Exercise requirements —
Please return the whole listing exactly.

Given information —
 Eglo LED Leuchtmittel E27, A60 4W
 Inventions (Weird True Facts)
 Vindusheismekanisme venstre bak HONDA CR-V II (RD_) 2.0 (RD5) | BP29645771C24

Output —
 Eglo LED Leuchtmittel E27, A60 4W
 Inventions (Weird True Facts)
 Vindusheismekanisme venstre bak HONDA CR-V II (RD_) 2.0 (RD5) | BP29645771C24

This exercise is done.